In return for the effort required on the part of banks, finance ministers from the 27 floor Saturday on a broad plan to recapitalize the banking sector to enable it to cushion the blow. Europe is assessing the needs of 80 to 100 billion euros, two times less than the estimates of the International Monetary Fund, who first sounded the alarm on the need to strengthen the reserves of financial institutions of the Old Continent. Modalities remain to be defined: what is the timetable? Recapitalizations of private or public funds?

For their part, German Chancellor and French President will try in the evening with their respective finance ministers to resolve their differences on how to stem the debt crisis, at a meeting involving both the main European leaders: the EU president, Herman Van Rompuy, the European Commission, José Manuel Barroso, the ECB, Jean-Claude Trichet and Juncker. This will be a lap before the EU summit on Sunday. Blocking is primarily how to strengthen the relief fund troubled countries in the euro area, the EFSF. This instrument is essential to prevent contagion of hope to the debt crisis in countries like Spain and Italy, in the viewfinder of the rating agencies.

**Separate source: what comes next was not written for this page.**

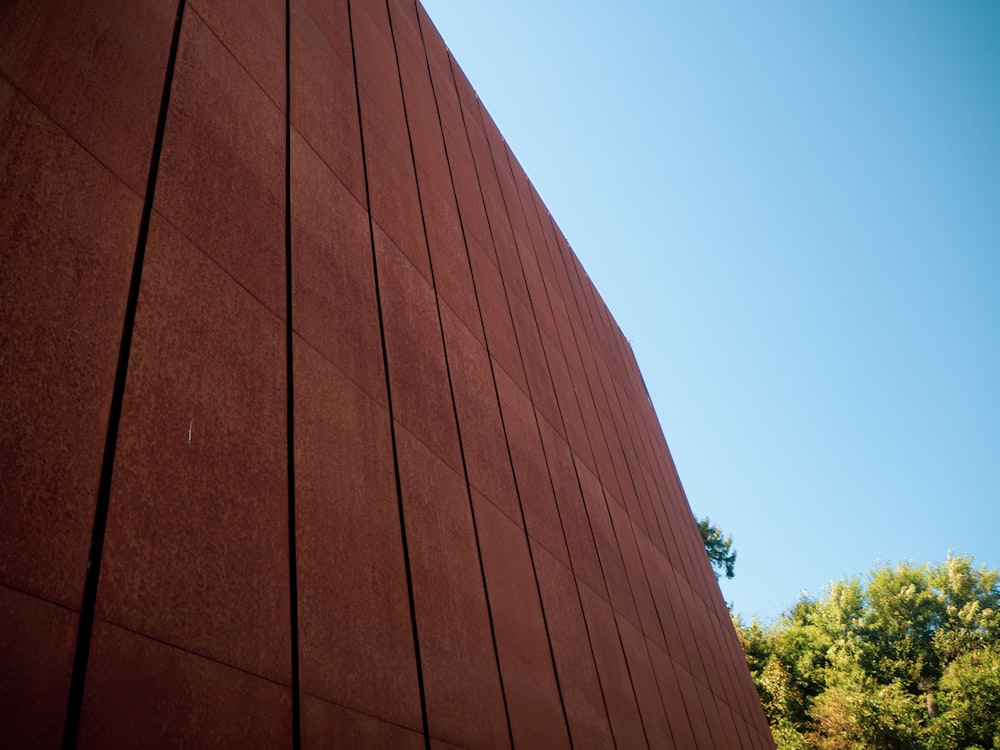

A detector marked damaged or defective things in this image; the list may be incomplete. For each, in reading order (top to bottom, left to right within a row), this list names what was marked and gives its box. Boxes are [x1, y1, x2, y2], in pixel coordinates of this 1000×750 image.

rust-stained surface [0, 0, 772, 744]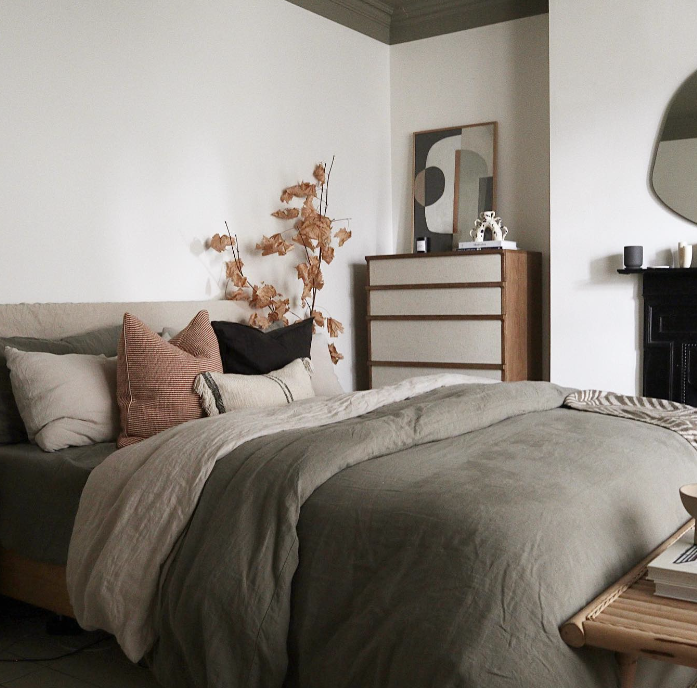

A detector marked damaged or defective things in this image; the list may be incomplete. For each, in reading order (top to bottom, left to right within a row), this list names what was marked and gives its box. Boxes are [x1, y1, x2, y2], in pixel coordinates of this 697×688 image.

rust striped pillow [115, 310, 222, 448]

Paris has proposed to transform the EFSF bank so that the counter is supplied by the ECB. One option that will not block the Berlin Mint, as it would violate their view the legal prohibition against the central bank to bail out government budgets. France, supported by Spain and Italy in particular, suggested Friday that it could eventually yield. But the subject is not yet evacuated. "We will discuss the European Facility (the EFSF) and its collaboration with the European Central Bank (ECB)," Mr. Reynders said Saturday.